- West End theatre programme
- Music: Charles Strouse
- Lyrics: Lee Adams
- Book: Jay Presson Allen
- Basis: The lives of Queen Victoria and Prince Albert
- Productions: 1972 West End

= I and Albert =

I and Albert is a 1972 musical by composer Charles Strouse, and lyricist Lee Adams, with a book by Jay Presson Allen. The plot is based on the lives and love story of Queen Victoria and her husband Prince Albert of Saxe-Coburg and Gotha.

==Plot==

At the royal court, Victoria is unhappy with her life, and longs for something more. She meets her German first cousin Albert in 1836, and despite their different backgrounds, they feel an attraction. Her father dies and she accedes to the throne. As the romance grows, Victoria and Albert face the expectations of British society and political, diplomatic and court pressures. But these challenges strengthen their relationship, and he becomes her most trusted advisor.
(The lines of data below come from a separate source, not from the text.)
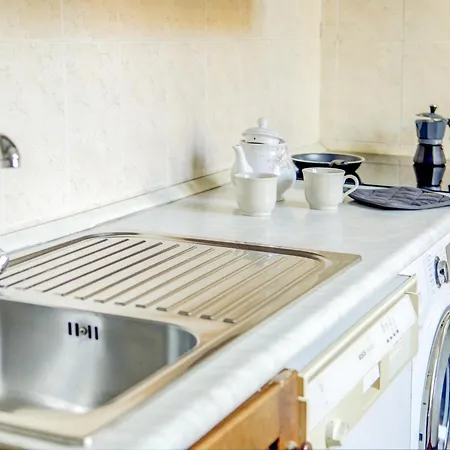 Colosseo Mecenart 77 - And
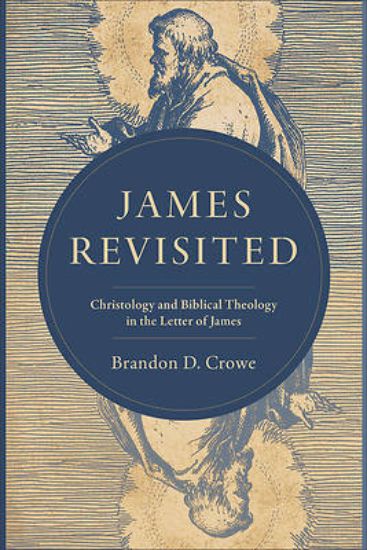 Picture of James Revisited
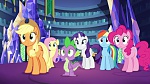 Equestria Girls 2 - Rainbow Rocks picture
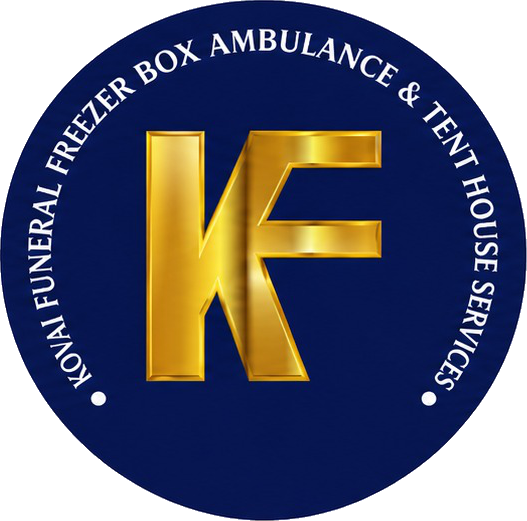 Kovai Funeral Freezer Box Ambulance & Tent House Services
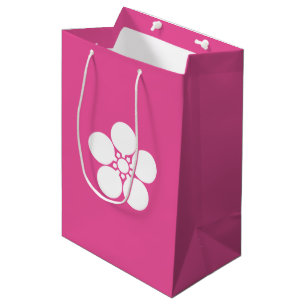 Sac Cadeau Moyen Suga umebachi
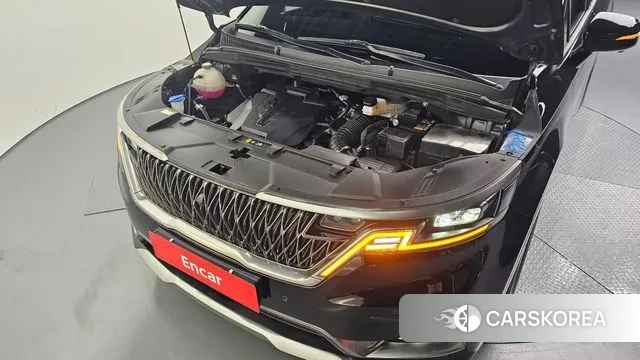 Kia Carnival 4th generation id 2979028 из Кореи 16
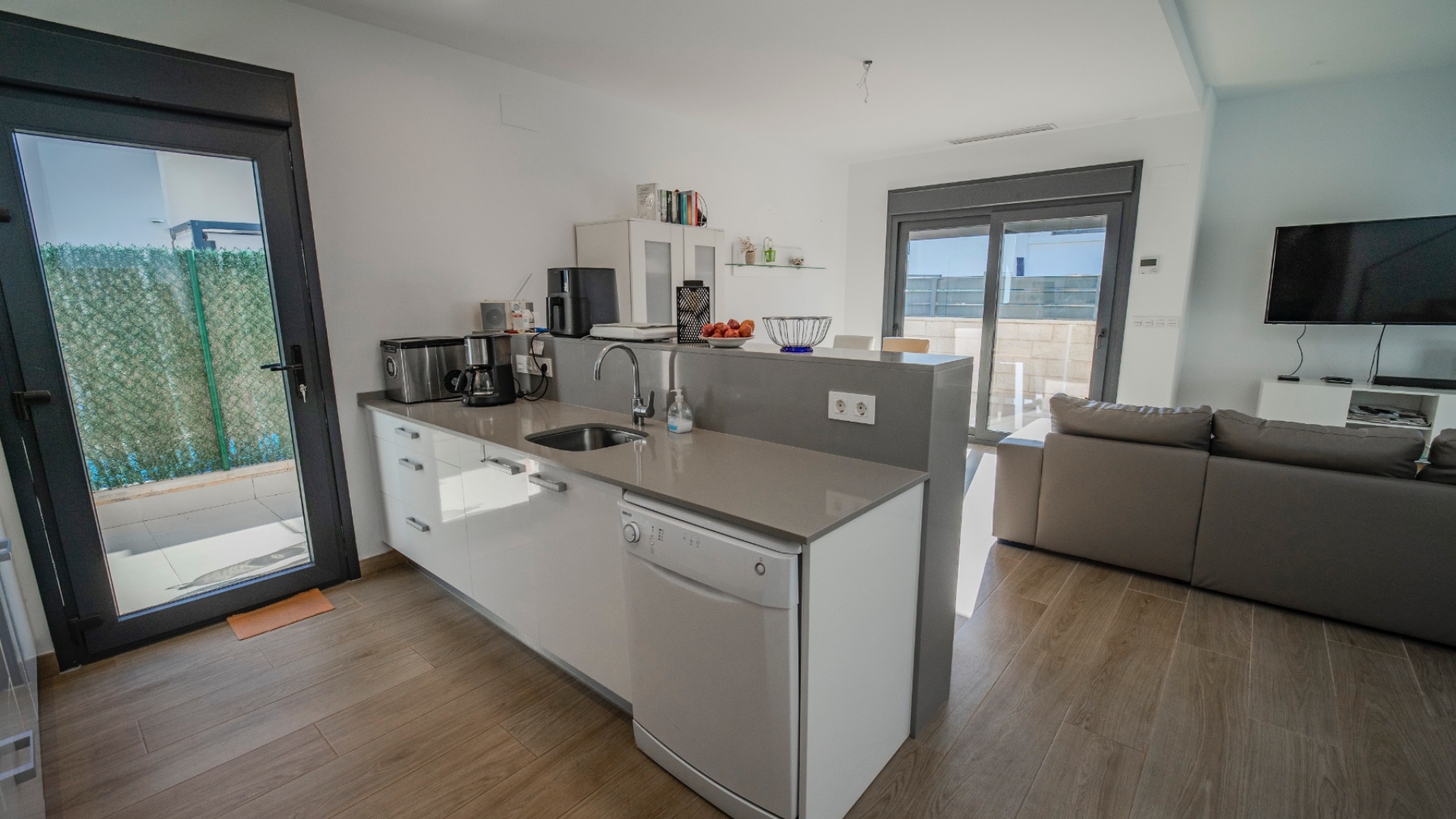 Resale - Townhouse - Ciudad Quesada - Dona Pepa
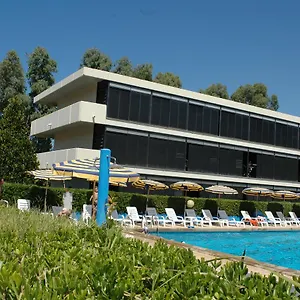 Magnolia Apartahotel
The two marry in 1840 with royal pomp and fanfare. They share responsibilities and a vision for the future. Albert encourages the queen to embrace progress and modernization of the monarchy to support cultural and industrial progress; he also supports her intellectual pursuits. The two experience joys and triumphs, such as the birth of their nine children and the joys of parenthood, as well as tragedies, such as his declining health and early death in 1861, and her grief and loneliness after his death. They have a lasting impact on Great Britain and the monarchy.

==Production==
The musical debuted in the West End at the Piccadilly Theatre on 6 November 1972, under the direction of John Schlesinger, but proved a flop, running only for three months, for 120 performances. Polly James performed the role of Victoria opposite Sven-Bertil Taube as Prince Albert. Lewis Fiander and Aubrey Woods had featured roles as prime ministers and advisors. Sarah Brightman made her stage debut in 1973 in this musical, as Vicky, the queen's eldest daughter, at age 13. Also in the cast was Simon Gipps-Kent as a young Prince Edward ("Bertie"), a role he would later reprise for television in Edward the Seventh.

The musical made its North American premiere at the ArtPark amphitheater in Lewiston, New York, in the summer of 1985. The production was directed by Brother Augustine Towey, C. M., and starred Barbara Marineau as Victoria. Charles Strouse was the creative advisor on the production. I and Albert has not been performed on Broadway, but it was seen off-Broadway at York Theatre in 2007, starring Nancy Anderson and Gerritt Vandermeer, and directed by Michael Montel.

==Songs==
- Act I
- Vivat! Vivat Regina! – Victoria, Company
- It Has All Begun – Victoria, Lehzen and the People of England
- Leave It Alone – Lord Melbourne
- I've 'Eard the Bloody 'Indoos 'As It Worse – Street People
- The Victoria and Albert Waltz – Instrumental
- This Gentle Land – Albert
- This Noble Land – Victoria, Lord Melbourne, Lord Palmerston, the Cabinet, Chorale
- I and Albert – Victoria
- His Royal Highness – Lord Palmerston, Lady Caro and the Foreign Office
- Enough! – Albert
- Victoria – Albert
- All Glass – Albert, Victoria, Paxton, Royal Family and the public

- Act 2
- The Genius of Man – Company
- His Royal Highness – Lord Palmerston and [?]
- Just You and Me – Victoria, Albert and the Royal Children
- Draw the Blinds – Victoria, Ladies-in-Waiting
- The Widow at Windsor (lyrics by Kipling) – Second Troop, Queen's Own Dismounted Hussars
- No One to Call Me Victoria – Victoria
- When You Speak with a Lady – Disraeli
- Go It, Old Girl! – Diamond Jubilee crowd
- Finale: This Noble Land (reprise)

==Reception==
In the West End, the musical received mostly negative reviews, although the "splendour" of the production was praised, including its "clever" projections, along with James's performance.

==Recording==
The cast album is a studio recording that reunited four of the original principals in London in 1981.